• ABOUT THIS TASK: Repeat exactly what runs from the line containing "Views from The Lodge" through the last line of the material below. Do not copy the pictures.

--

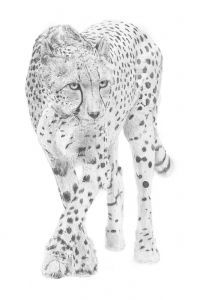 "On The Prowl"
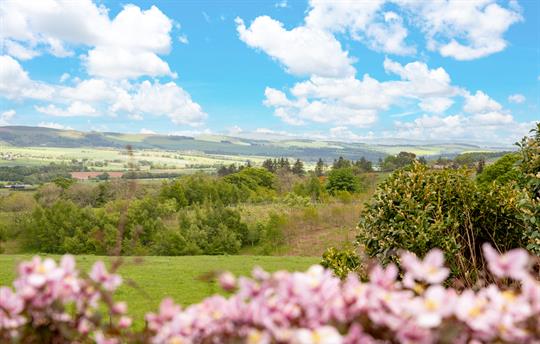 Views from The Lodge 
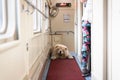 Chow-chow dog in the train corridor, Russia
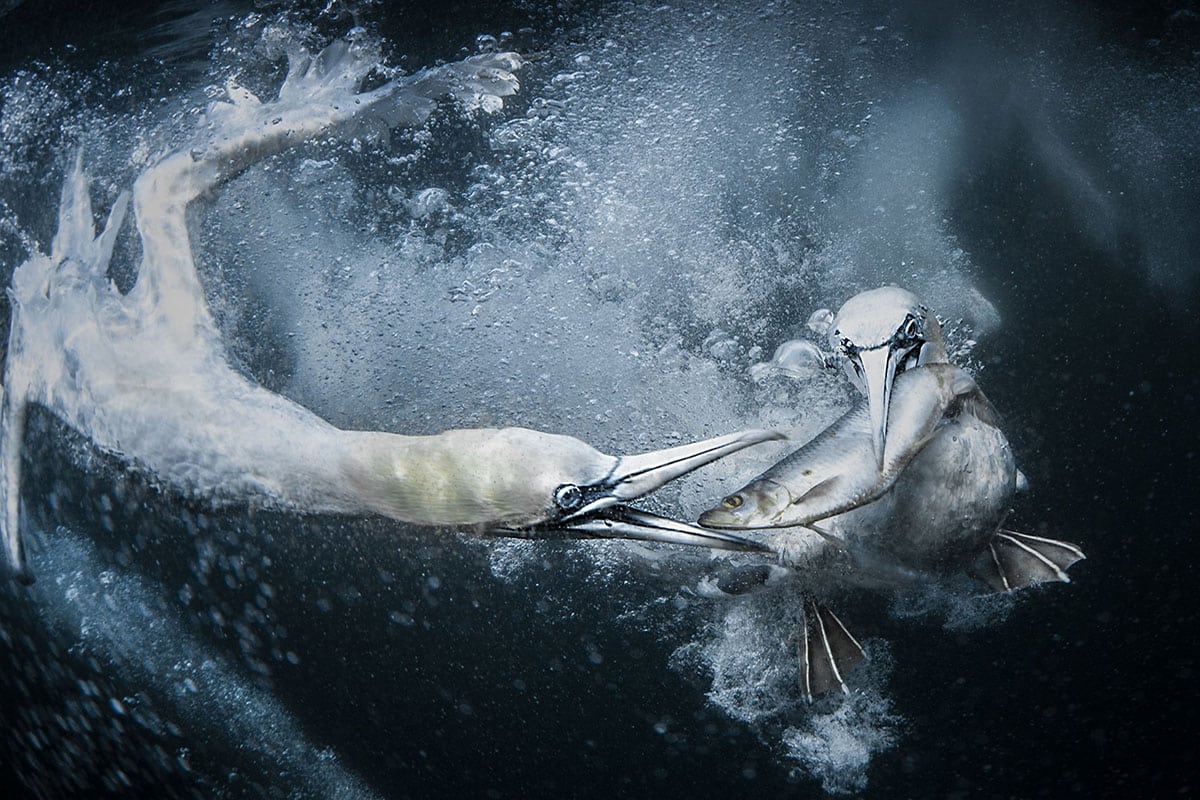 GOLD©TraceyLund UnderwaterGannets.jpeg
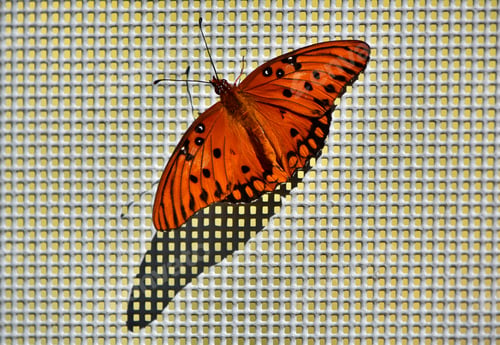 Preview: A bright orange butterfly on an screened wall.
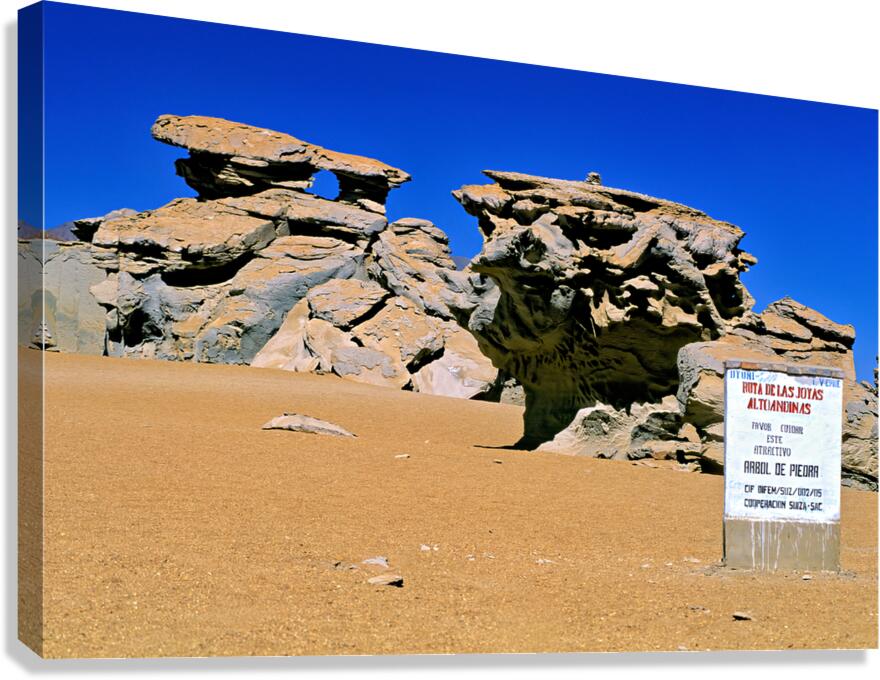 Unique desert rock formations including the Stone Tree.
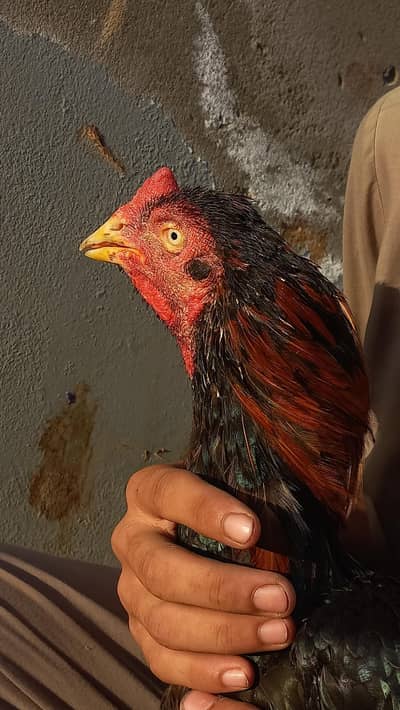 Aseel Mianwali PAIR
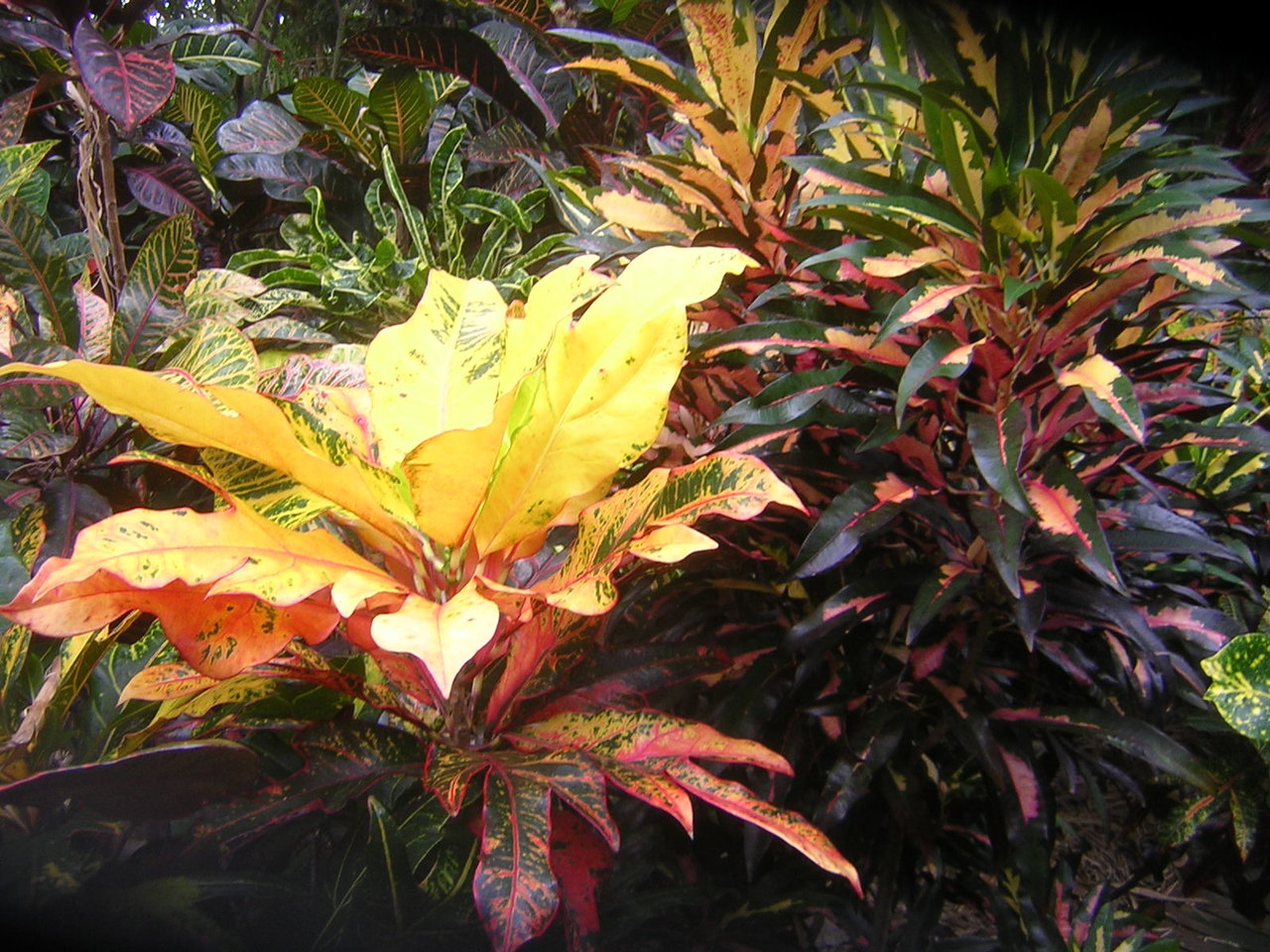 DSCN7700.JPG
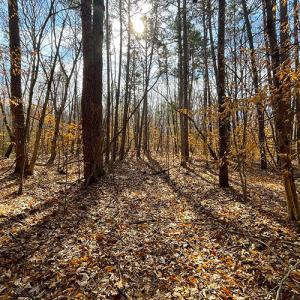 Photo #14 of SOLD property in  Off Easters Road, Boydton, VA 18.5 acres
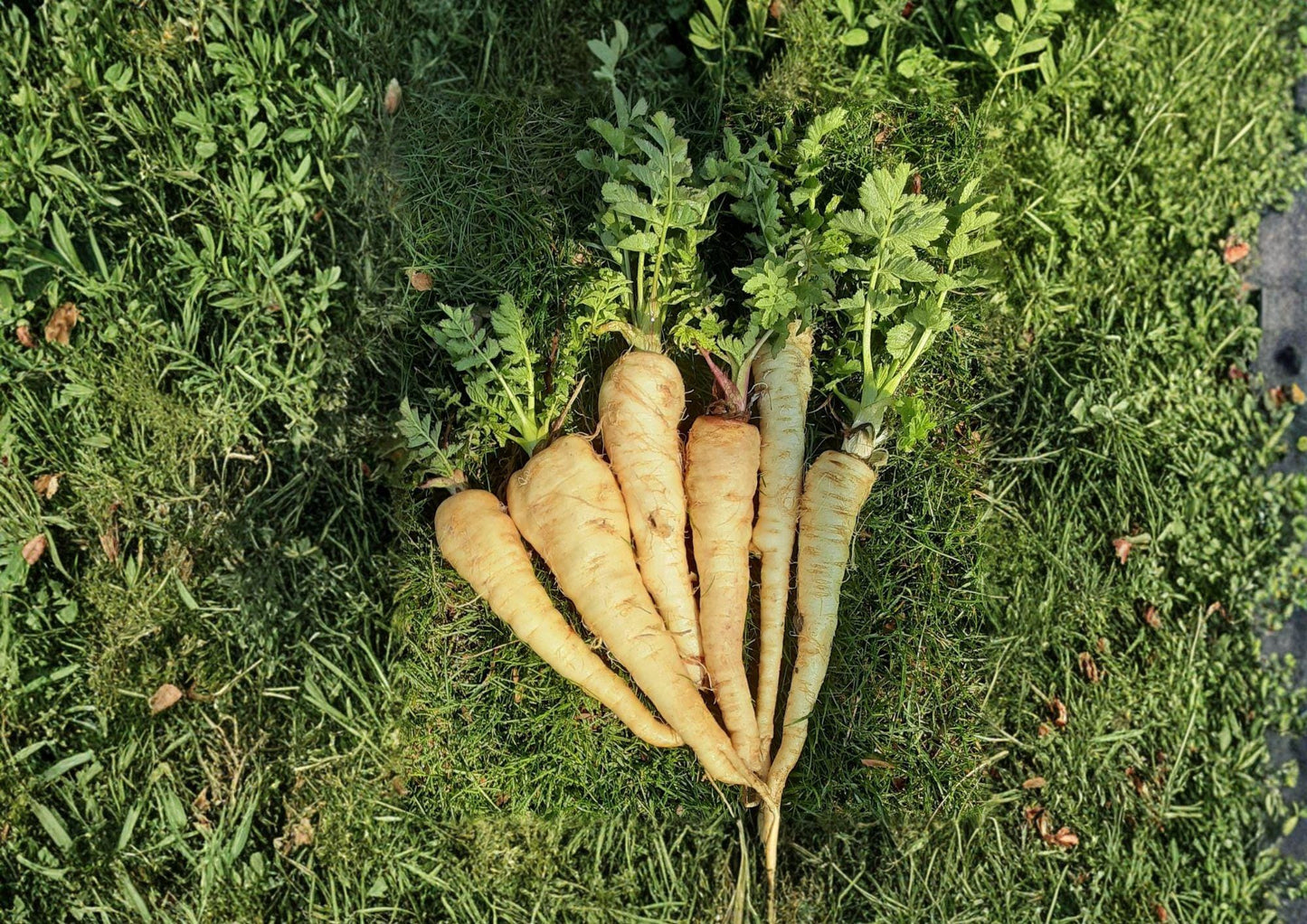 All American Parsnip Seeds - Heirloom Cold Season Vegetable, Sweet Flavor, 100 Seeds - Pastinaca sativa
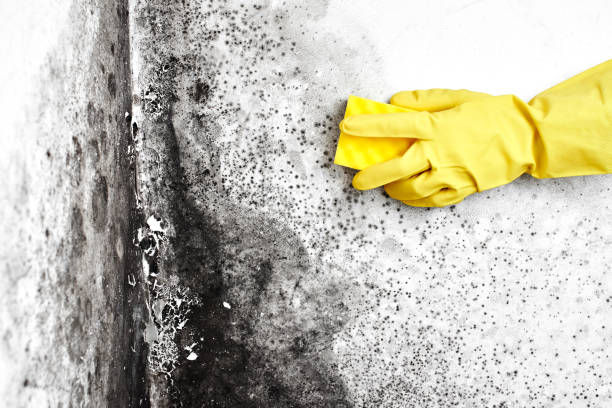 Best Fast Mold Removal  in Lindsborg, KS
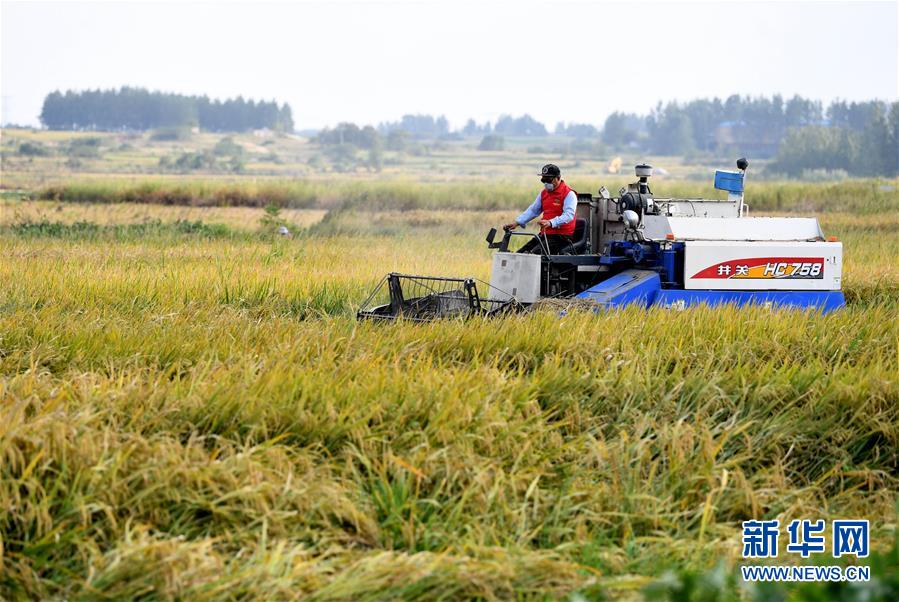 （壯麗70年&middot;奮斗新時代&mdash;&mdash;共和國發(fā)展成就巡禮&middot;圖文互動）（3）安徽70年：改革創(chuàng)新書寫時代答卷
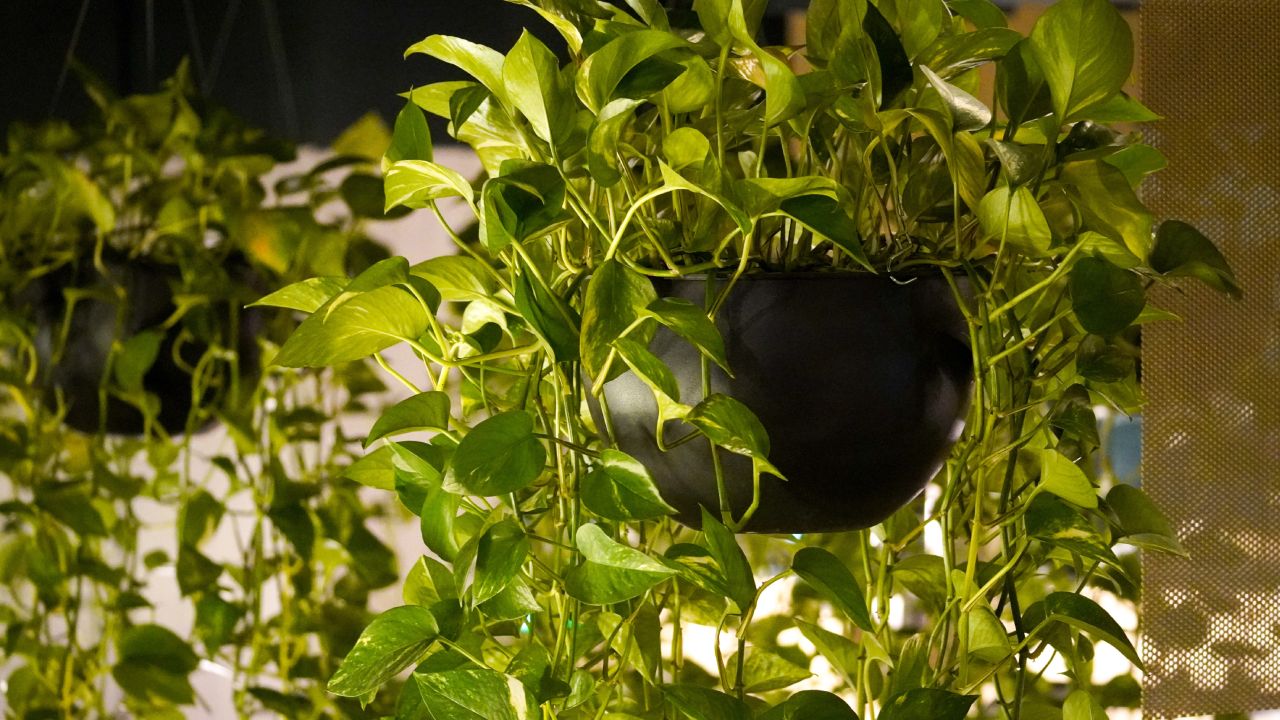 Jardinería en el techo con esta tendencia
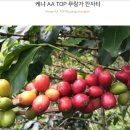 디코드커피 이미지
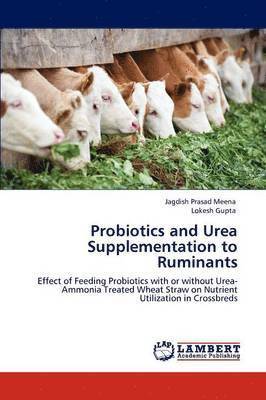 Probiotics and Urea Supplementation to Ruminants 1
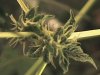 close up bud.JPG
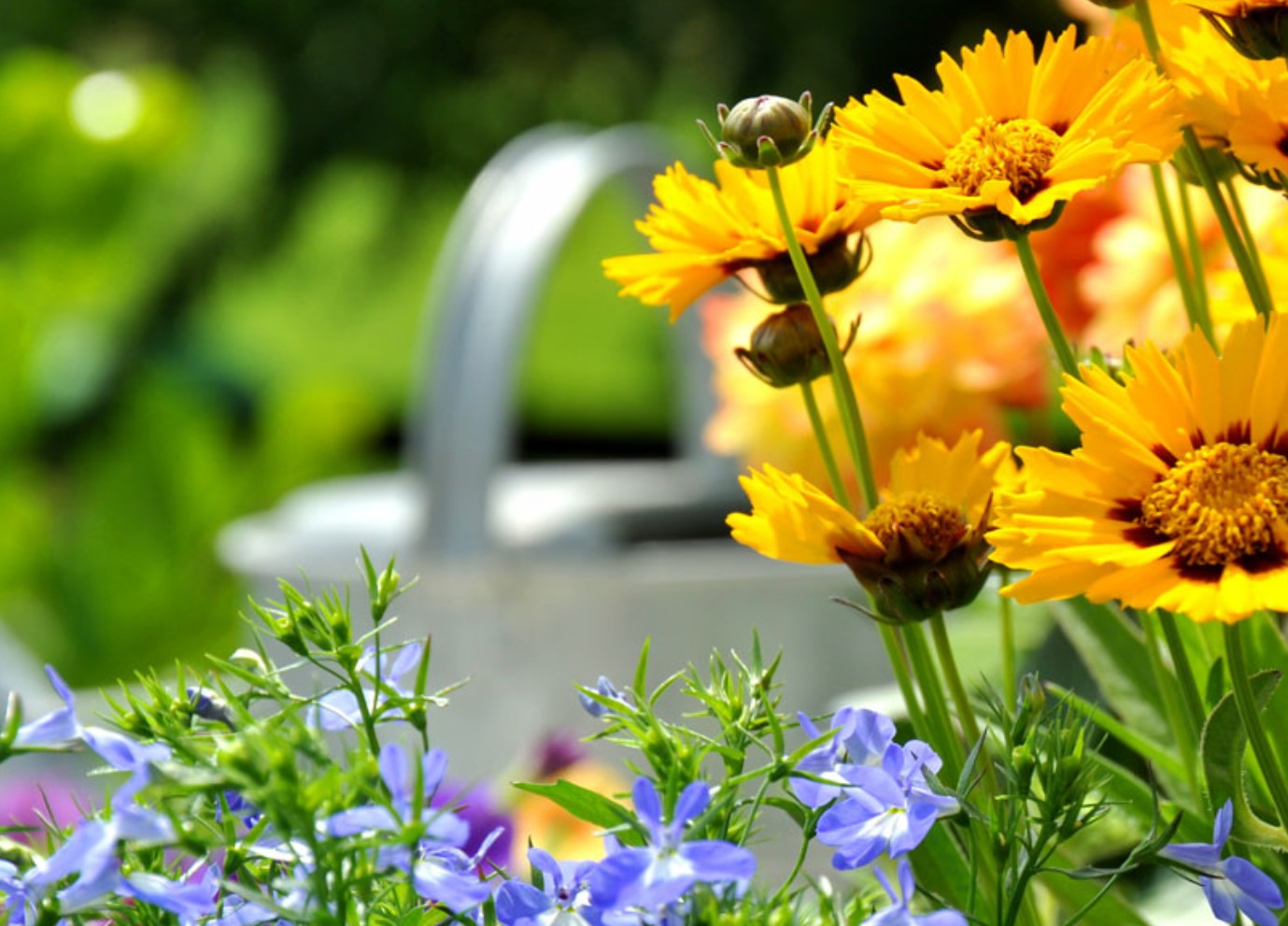 Gartenarbeit im Mai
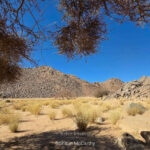 Circuit Nord Iherir Djanet - Février 2026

--

• ANSWER TO THIS EXERCISE:
 Views from The Lodge 
 Chow-chow dog in the train corridor, Russia
 GOLD©TraceyLund UnderwaterGannets.jpeg
 Preview: A bright orange butterfly on an screened wall.
 Unique desert rock formations including the Stone Tree.
 Aseel Mianwali PAIR
 DSCN7700.JPG
 Photo #14 of SOLD property in  Off Easters Road, Boydton, VA 18.5 acres
 All American Parsnip Seeds - Heirloom Cold Season Vegetable, Sweet Flavor, 100 Seeds - Pastinaca sativa
 Best Fast Mold Removal  in Lindsborg, KS
 （壯麗70年&middot;奮斗新時代&mdash;&mdash;共和國發(fā)展成就巡禮&middot;圖文互動）（3）安徽70年：改革創(chuàng)新書寫時代答卷
 Jardinería en el techo con esta tendencia
 디코드커피 이미지
 Probiotics and Urea Supplementation to Ruminants 1
 close up bud.JPG
 Gartenarbeit im Mai
 Circuit Nord Iherir Djanet - Février 2026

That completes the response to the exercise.